### About this task
Copy the records below in full and leave every image out of the copy.

### The records
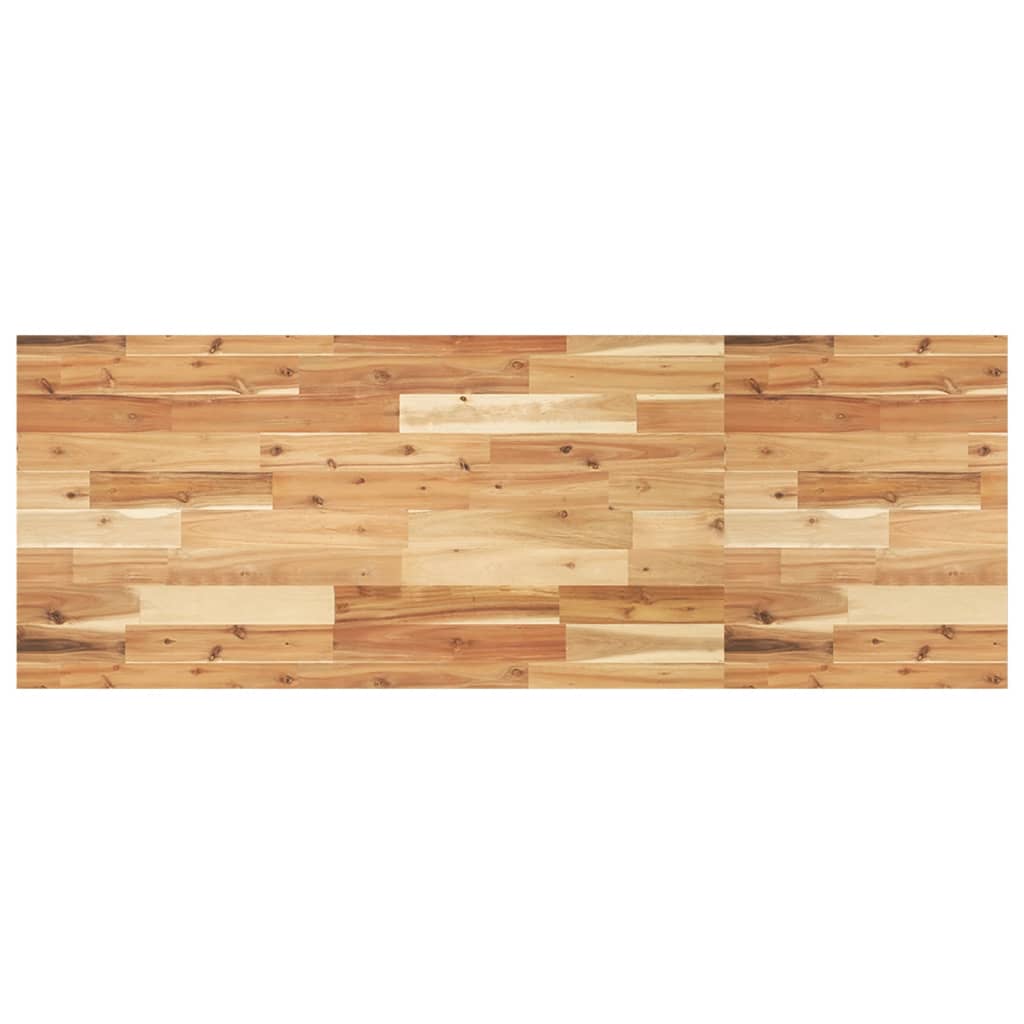Piano Tavolo Rettangolare 140x50x2cm Legno Massello di Acacia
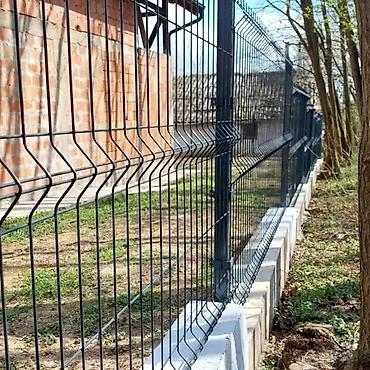 Proizvodi od rolovanog metala, metalni kanali: Ograde i kapije za dvorišta. Panelna ograda 2d, panelna ograda 3d — 5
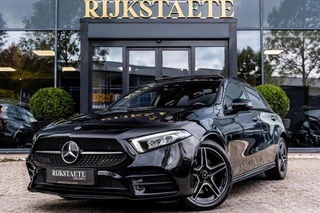 Hoofdafbeelding Mercedes-Benz A-Klasse Mercedes A-klasse A250e AMG|PANO|18''|CAMERA|LED|SFEERVERL.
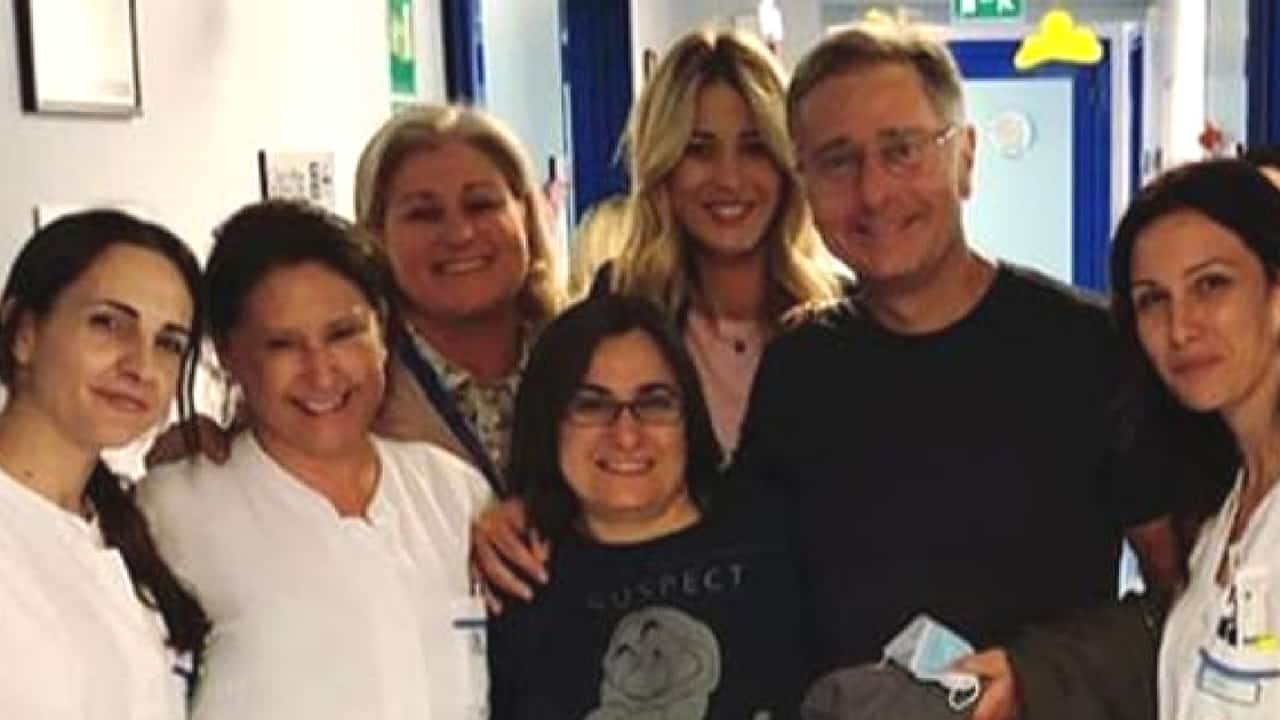 paolo bonolis visita elena santarelli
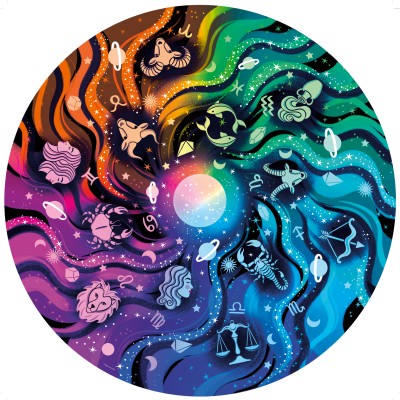 Puzzle 500 piese Ravensburger - Circle Colors - Astrology...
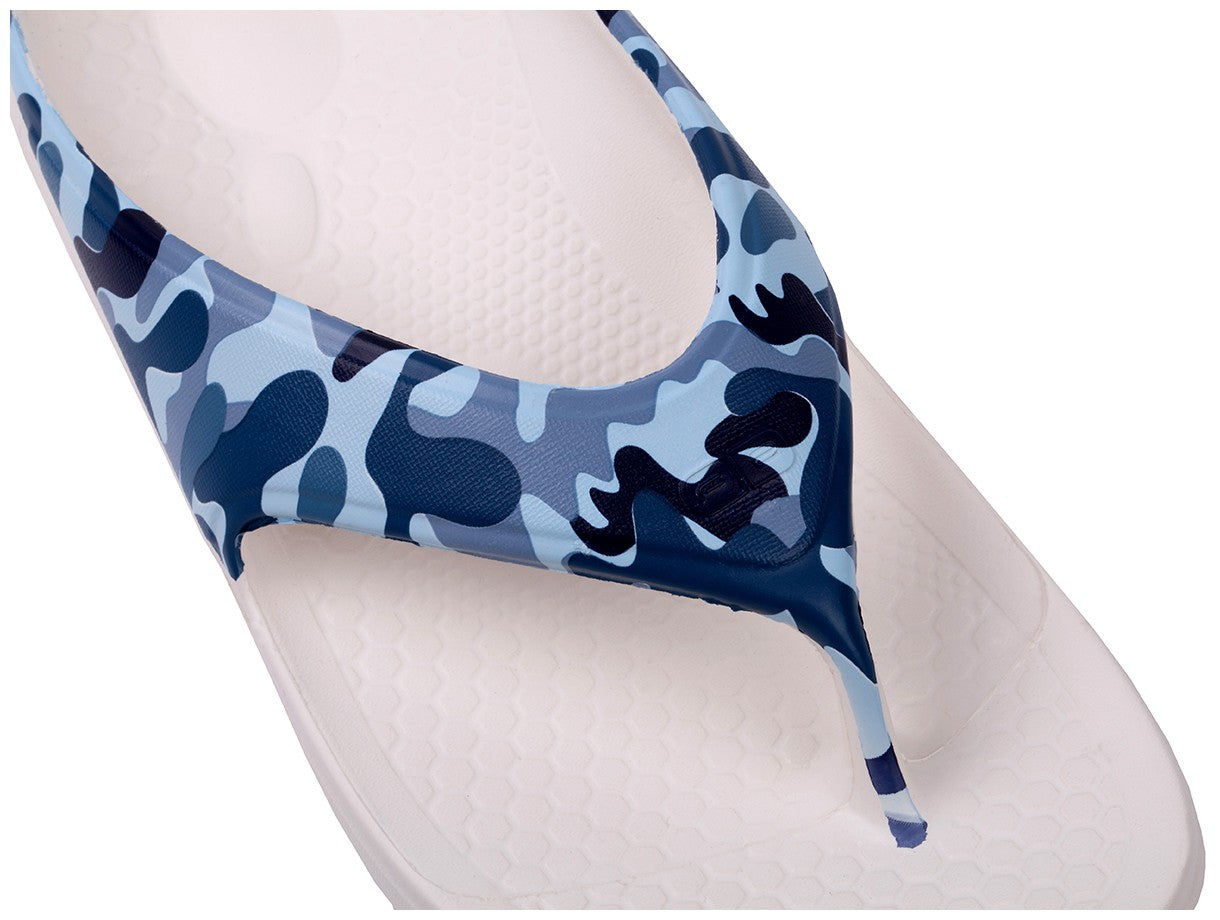 Spenco Fusion 2 Camo Women's Supportive Slide Sandal - Blue Camo - Strap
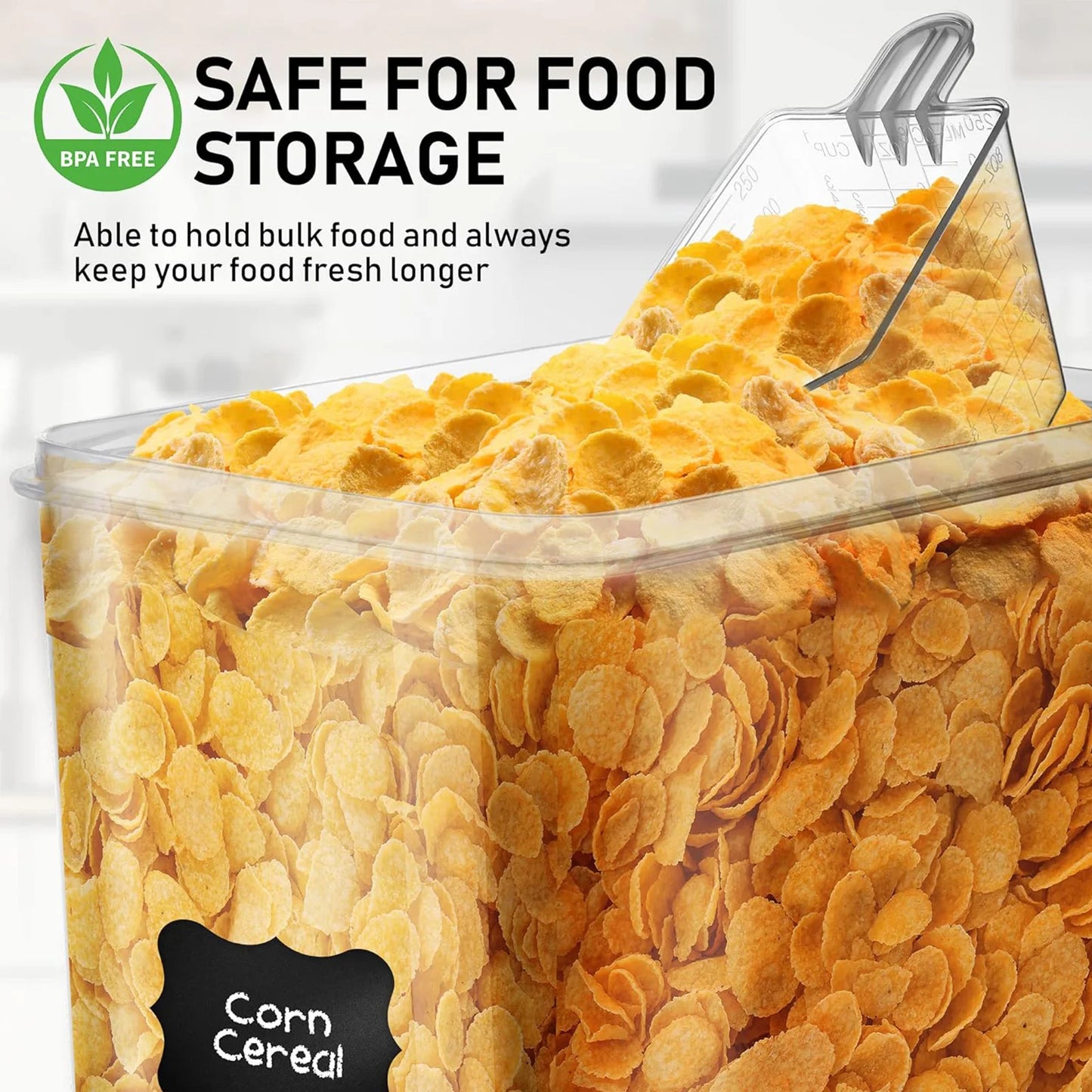 Large Airtight Pantry Containers For Bulk Storage.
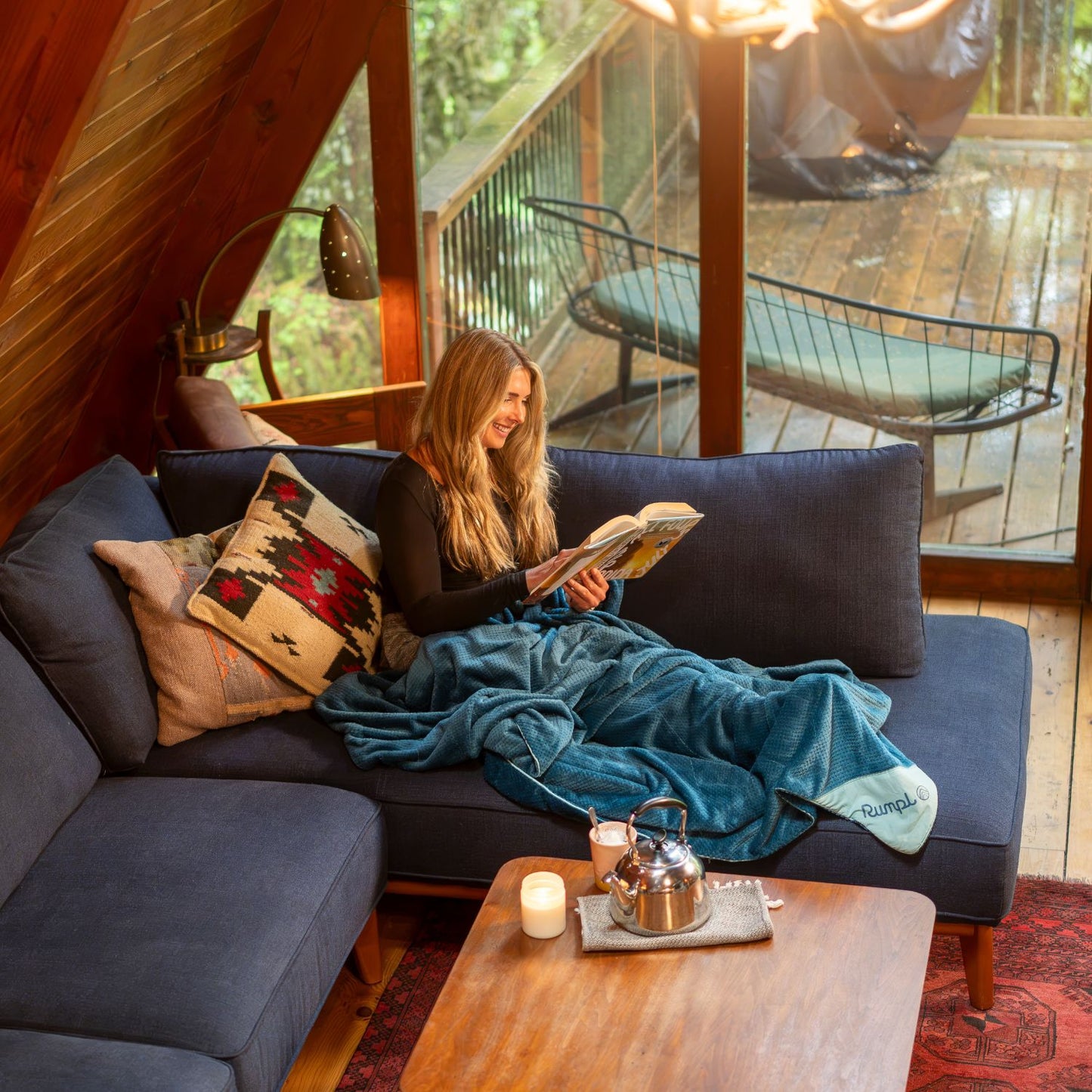 Rumpl Après Fleece Throw Blanket - Sea Moss Après Fleece Throw Blanket - Sea Moss | Rumpl Blankets For Everywhere Après Fleece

### Finished exercise
Piano Tavolo Rettangolare 140x50x2cm Legno Massello di Acacia
 Proizvodi od rolovanog metala, metalni kanali: Ograde i kapije za dvorišta. Panelna ograda 2d, panelna ograda 3d — 5
 Hoofdafbeelding Mercedes-Benz A-Klasse Mercedes A-klasse A250e AMG|PANO|18''|CAMERA|LED|SFEERVERL.
 paolo bonolis visita elena santarelli
 Puzzle 500 piese Ravensburger - Circle Colors - Astrology...
 Spenco Fusion 2 Camo Women's Supportive Slide Sandal - Blue Camo - Strap
 Large Airtight Pantry Containers For Bulk Storage.
 Rumpl Après Fleece Throw Blanket - Sea Moss Après Fleece Throw Blanket - Sea Moss | Rumpl Blankets For Everywhere Après Fleece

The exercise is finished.